(What the exercise asks): Starting at the line that contains "MAGLIA ALLENAMENTO NAPOLI", transcribe each line exactly through the end of the data below, and skip any pictures.

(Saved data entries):
________

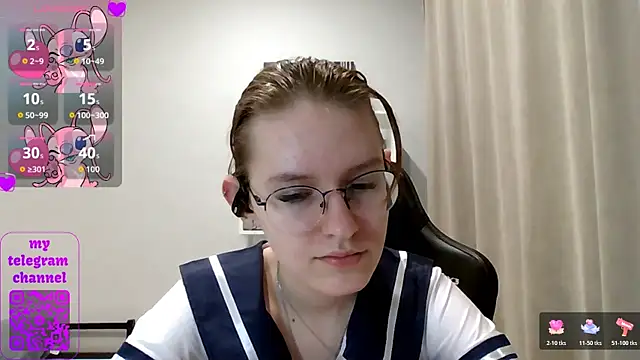 PetralPrime online show from March 7, 6:15 pm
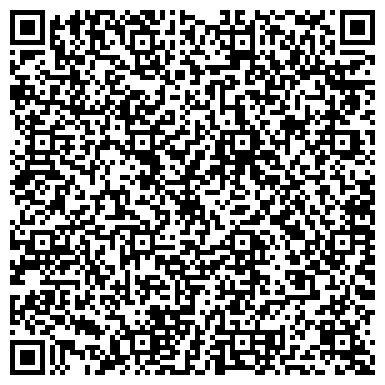 QR-код с контактной информацией организации ЧП Салон - студия "Сувенир Престиж"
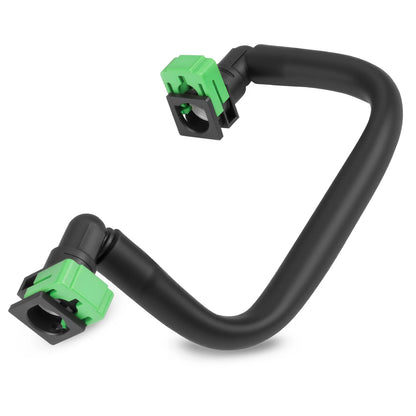 Fuel Tube Assembly for Kawasaki KX450F 2011-2015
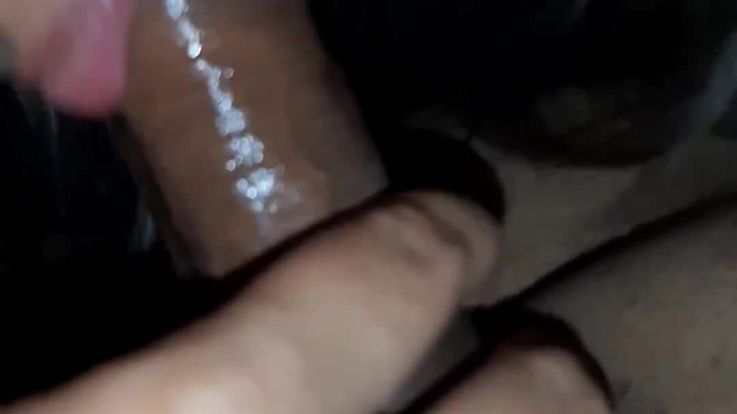 ME HAN LLENADO MI BOQUITA DE LECHE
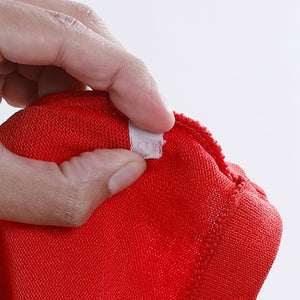 MAGLIA ALLENAMENTO NAPOLI BUITONI MC ROSSA 1986/1987 by ENNERRE - Home (5)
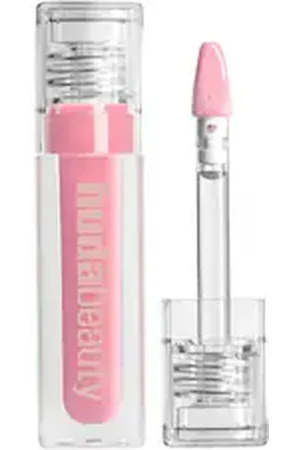 HUDA BEAUTY Faux Filler - Gloss Ad Alta Brillantezza - -faux Filler Gloss Ube - Donna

________

(Task solution):
 MAGLIA ALLENAMENTO NAPOLI BUITONI MC ROSSA 1986/1987 by ENNERRE - Home (5)
 HUDA BEAUTY Faux Filler - Gloss Ad Alta Brillantezza - -faux Filler Gloss Ube - Donna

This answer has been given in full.